▸ What the task asks: Search the data for the string "Indoor", and report each line where it is found.

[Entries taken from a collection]

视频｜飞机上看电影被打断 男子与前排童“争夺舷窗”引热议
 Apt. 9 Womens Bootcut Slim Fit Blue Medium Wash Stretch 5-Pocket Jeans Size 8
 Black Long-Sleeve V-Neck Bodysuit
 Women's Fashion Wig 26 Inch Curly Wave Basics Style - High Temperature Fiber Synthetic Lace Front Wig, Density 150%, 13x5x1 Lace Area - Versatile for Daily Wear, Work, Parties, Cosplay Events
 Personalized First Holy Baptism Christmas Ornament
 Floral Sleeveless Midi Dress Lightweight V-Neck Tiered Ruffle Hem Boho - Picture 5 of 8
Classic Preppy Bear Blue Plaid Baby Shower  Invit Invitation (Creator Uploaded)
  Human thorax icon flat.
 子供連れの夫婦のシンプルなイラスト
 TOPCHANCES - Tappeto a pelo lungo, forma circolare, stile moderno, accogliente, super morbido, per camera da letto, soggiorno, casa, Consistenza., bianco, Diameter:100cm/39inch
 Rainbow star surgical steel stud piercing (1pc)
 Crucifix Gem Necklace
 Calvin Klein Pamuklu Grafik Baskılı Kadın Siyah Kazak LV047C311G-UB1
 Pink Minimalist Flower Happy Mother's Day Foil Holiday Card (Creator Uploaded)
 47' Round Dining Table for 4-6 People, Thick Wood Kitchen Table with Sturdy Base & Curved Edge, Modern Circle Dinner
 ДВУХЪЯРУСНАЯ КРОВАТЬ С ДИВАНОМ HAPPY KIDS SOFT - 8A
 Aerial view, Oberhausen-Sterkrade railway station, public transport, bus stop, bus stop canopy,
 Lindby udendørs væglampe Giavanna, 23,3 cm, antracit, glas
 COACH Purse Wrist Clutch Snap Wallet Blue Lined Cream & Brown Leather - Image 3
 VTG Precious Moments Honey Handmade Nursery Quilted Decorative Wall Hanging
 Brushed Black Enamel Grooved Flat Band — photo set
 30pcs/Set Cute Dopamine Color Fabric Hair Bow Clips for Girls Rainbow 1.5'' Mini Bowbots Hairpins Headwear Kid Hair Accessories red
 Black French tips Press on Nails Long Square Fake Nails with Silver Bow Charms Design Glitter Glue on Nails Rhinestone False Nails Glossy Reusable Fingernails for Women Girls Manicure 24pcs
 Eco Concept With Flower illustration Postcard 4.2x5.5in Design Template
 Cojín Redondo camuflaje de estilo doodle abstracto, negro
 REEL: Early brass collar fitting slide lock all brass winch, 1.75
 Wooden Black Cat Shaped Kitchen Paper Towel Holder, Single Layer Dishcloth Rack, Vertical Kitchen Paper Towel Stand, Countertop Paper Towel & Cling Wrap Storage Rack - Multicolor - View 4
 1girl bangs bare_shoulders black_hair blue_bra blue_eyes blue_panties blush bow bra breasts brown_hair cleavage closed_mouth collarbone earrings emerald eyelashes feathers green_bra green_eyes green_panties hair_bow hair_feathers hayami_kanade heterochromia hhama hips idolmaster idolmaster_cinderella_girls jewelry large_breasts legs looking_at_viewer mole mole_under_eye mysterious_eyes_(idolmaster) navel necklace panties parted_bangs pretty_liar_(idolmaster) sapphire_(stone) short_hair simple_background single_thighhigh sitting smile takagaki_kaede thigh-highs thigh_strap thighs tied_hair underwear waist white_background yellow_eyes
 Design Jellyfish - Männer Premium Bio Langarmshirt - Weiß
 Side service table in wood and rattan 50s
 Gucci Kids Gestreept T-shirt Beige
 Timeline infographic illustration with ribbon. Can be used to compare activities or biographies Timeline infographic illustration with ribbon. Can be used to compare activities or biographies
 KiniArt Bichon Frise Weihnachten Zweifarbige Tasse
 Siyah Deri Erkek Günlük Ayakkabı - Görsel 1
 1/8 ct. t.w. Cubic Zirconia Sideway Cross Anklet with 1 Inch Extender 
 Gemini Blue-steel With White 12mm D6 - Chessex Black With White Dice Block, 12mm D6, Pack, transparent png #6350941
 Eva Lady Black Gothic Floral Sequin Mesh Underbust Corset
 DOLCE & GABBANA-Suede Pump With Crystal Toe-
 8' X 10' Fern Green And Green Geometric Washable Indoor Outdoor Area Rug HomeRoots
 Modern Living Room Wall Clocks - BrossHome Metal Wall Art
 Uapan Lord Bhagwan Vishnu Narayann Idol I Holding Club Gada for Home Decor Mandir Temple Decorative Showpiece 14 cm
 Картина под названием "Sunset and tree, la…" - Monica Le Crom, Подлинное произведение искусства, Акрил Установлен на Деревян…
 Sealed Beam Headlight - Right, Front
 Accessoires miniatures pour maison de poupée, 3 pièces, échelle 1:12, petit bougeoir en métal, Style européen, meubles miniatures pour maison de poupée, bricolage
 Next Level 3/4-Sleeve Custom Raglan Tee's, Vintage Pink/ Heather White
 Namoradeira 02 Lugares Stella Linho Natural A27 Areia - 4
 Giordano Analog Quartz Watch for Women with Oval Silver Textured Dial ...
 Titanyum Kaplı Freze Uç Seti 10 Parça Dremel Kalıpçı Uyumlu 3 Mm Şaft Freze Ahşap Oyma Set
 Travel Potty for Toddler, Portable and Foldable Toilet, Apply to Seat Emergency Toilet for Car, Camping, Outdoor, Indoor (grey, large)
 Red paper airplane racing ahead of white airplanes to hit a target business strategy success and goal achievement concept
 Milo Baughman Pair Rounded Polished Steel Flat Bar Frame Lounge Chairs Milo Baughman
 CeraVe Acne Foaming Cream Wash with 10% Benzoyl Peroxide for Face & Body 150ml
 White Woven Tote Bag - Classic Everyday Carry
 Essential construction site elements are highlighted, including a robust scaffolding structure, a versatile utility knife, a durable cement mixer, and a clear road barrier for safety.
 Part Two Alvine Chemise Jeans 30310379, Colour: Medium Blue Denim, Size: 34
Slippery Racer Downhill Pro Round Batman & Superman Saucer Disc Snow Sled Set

▸ Answer:
 8' X 10' Fern Green And Green Geometric Washable Indoor Outdoor Area Rug HomeRoots
 Travel Potty for Toddler, Portable and Foldable Toilet, Apply to Seat Emergency Toilet for Car, Camping, Outdoor, Indoor (grey, large)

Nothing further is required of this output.